# Burn in Hell AT&T - Unlimited Lies Have them Simmering in Government Water



## drmike (Apr 3, 2015)

AT&T cannot get the US Federal Trade Commission to toss a lawsuit over ripping off an estimated 3.5 million "unlimited" data plan customers who they routinely threshold met throttled.

Now word is that the FCC is coming after AT&T for the same behavior.

AT&T argued that the FTC doesn't have jurisdiction, but the FTC said they retain such for AT&T's past misconduct. Bahahaha!

The case is Federal Trade Commission v. AT&T Inc., 14-cv-04785, U.S. District Court, Northern District of California (San Francisco).

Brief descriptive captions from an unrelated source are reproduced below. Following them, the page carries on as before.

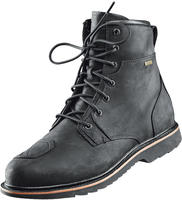 Held 082160-00-1-49, Held Saxton Gore-Tex Motorradstiefel Schwarz male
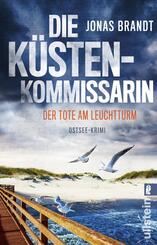 Die K&uuml;stenkommissarin - Der Tote am Leuchtturm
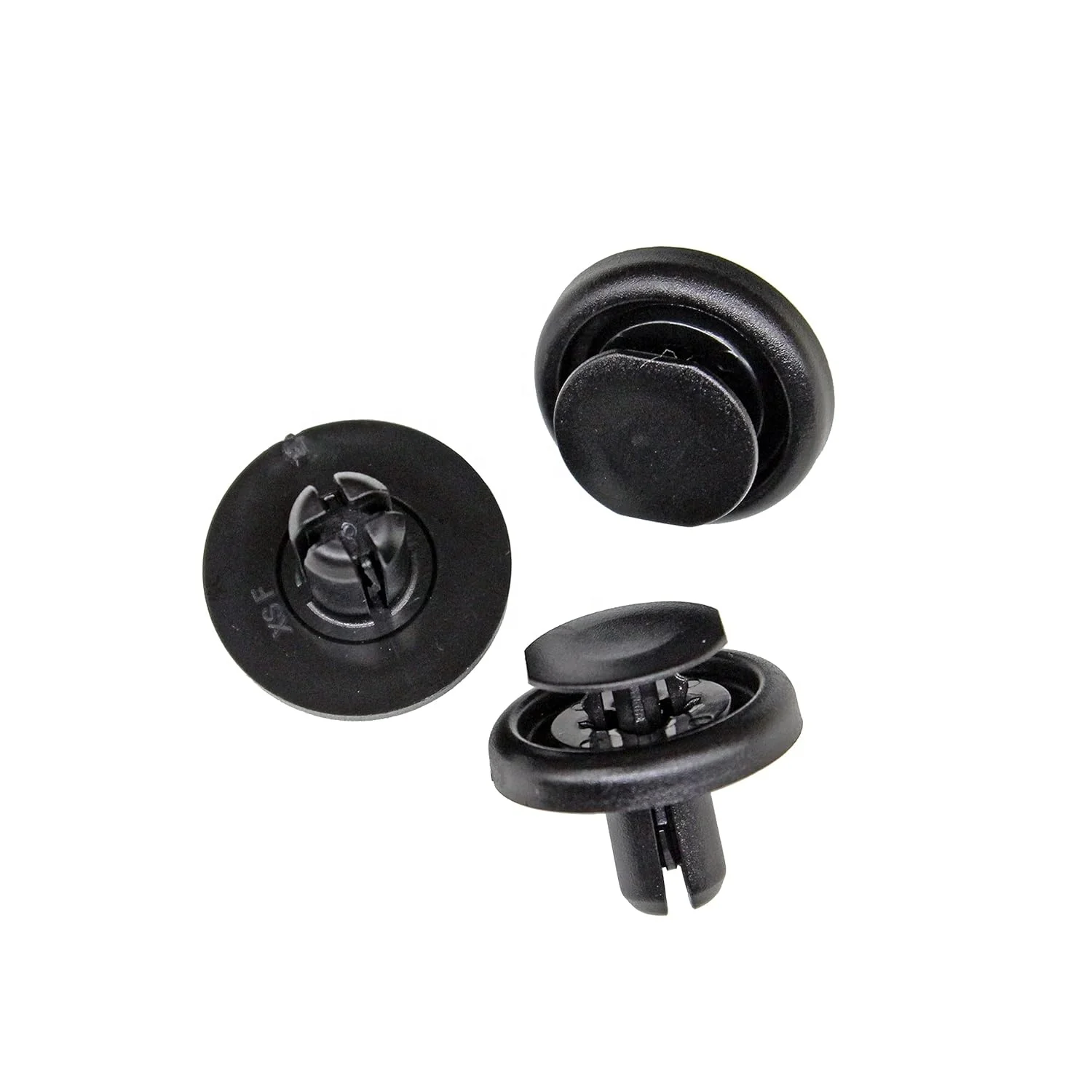 100x Fender Liner Fastener Rivet Push Clips Retainer For Lexus Gs300 Gs450 Gx460 Hs250 For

http://www.bloomberg.com/news/articles/2015-03-31/at-t-loses-bid-to-dismiss-ftc-mobile-data-slowdown-lawsuit-i7xvxj28


----------



## SeriesN (Apr 3, 2015)

#T-mobile will be more then happy to welcome you.


----------



## MannDude (Apr 3, 2015)

SeriesN said:


> #T-mobile will be more then happy to welcome you.


Don't you _work_ for T-mobile? 

T-mobile is pretty great in large cities but their rural coverage... eek.


----------



## DomainBop (Apr 3, 2015)

SeriesN said:


> #T-mobile will be more then happy to welcome you.

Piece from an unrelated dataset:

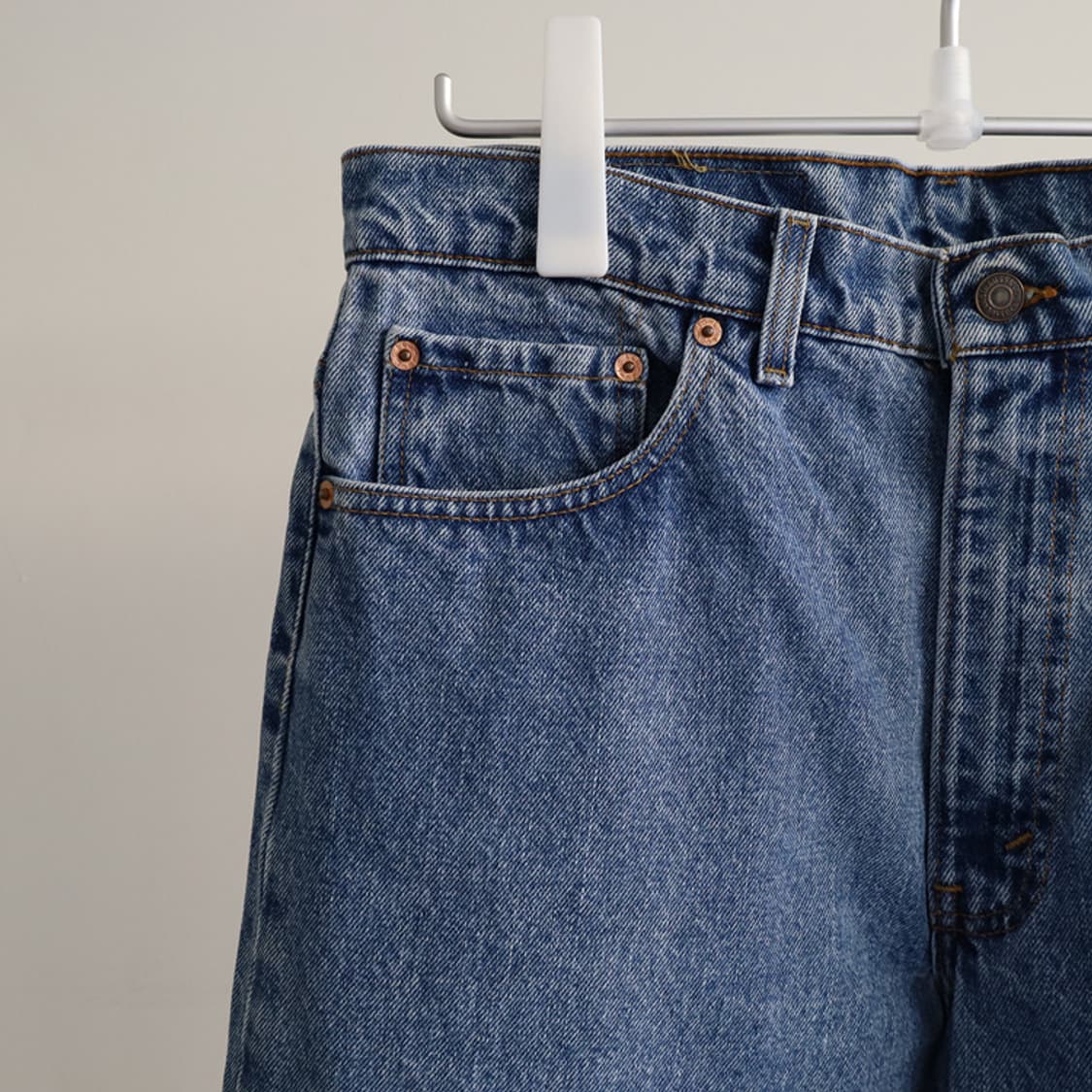 1990s 550 Jeans 상품이미지4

https://www.youtube.com/watch?v=SHeqF3AUxsc


----------



## Aldryic C'boas (Apr 3, 2015)

T-Mobile's service is shite here, you're _lucky_ if you can even get passable 3G (5th largest city in Louisiana), and I've never had a pleasant dealing with anyone in their sales, support, management, or PR teams.  ATT's service here is pretty decent, never had cause to deal with support/sales/etc.

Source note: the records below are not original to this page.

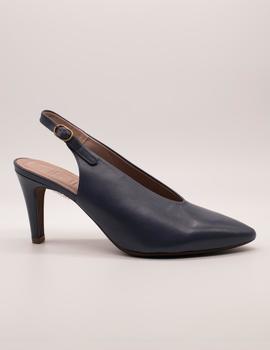 Zapato Wonders M-2060 CALIFORNIA BALTIC de mujer.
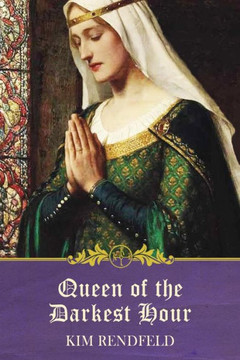 Queen Of The Darkest Hour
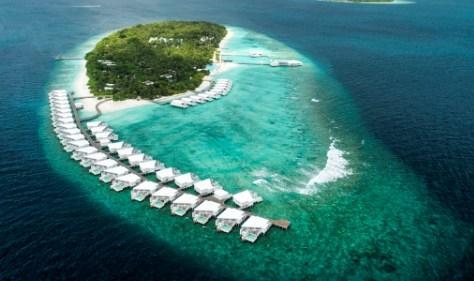 Maldives Announces Marketing Campaigns in India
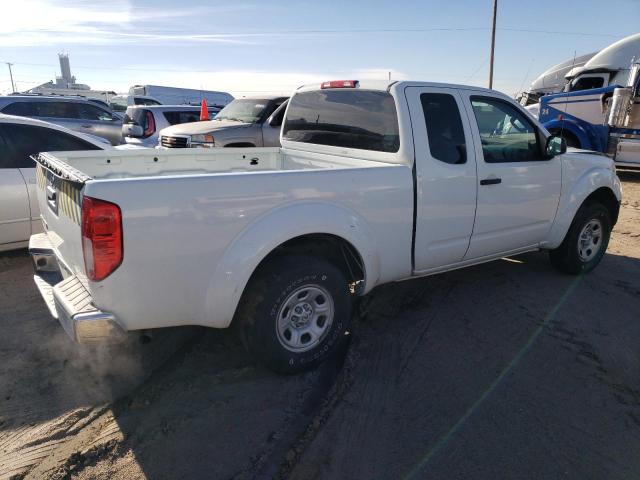 Image 3 of 2016 NISSAN FRONTIER S 2016 with VIN 1N6BD0CT9GN794557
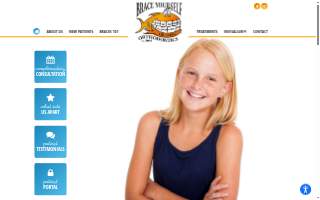 Dr. Shawn Long website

Using Sprint for mine and my wife's lines.  'bout 100$ a month, no contract, unlimited talk/text/data (yeah, they're known to occassionally throttle usage if you go over threshhold, but since I don't use my phone as a seedbox that's never been an issue), and it's pretty rare that I don't have a good 4G signal here, even in older buildings.


----------



## WSWD (Apr 3, 2015)

This isn't the first time they've been sued for this.  We need similar for the hosting industry.  Get rid of all these a-hole "unlimited"hosts...


----------



## SeriesN (Apr 4, 2015)

Coverage issue was one of the biggest concern for T-Mobile but we did came out with multiple coverage solution options. One of them being Lte signal booster and the other is WiFi calling. With new 600mghz spectrums kicking in, issues with old buildings will be sorted soon . Take us out on a test drive if you haven't within last 6 month @Aldryic. You are looking at some huge big changes. Customer care? T-Mobile came a long way since 2011 that's a fact. #PraiseMagenta


@DomainBop that's an old old old school video. Just looking at the store fixture, I can tell for a fact that you are looking at a minimum 4 year old video.


@Curtis yes sirrrr.


----------



## Aldryic C'boas (Apr 4, 2015)

What part of _"I've never had a pleasant dealing with anyone in their sales, support, management, or PR teams"_ escaped your attention?  The only 'fact' is that it doesn't matter how much some random employee claims "Things are better!", I refuse to do any further business with a company full of Fabozzis.  This isn't from ~2003 - I was using TMO up until June last year, and they've had plenty of chances to make things right.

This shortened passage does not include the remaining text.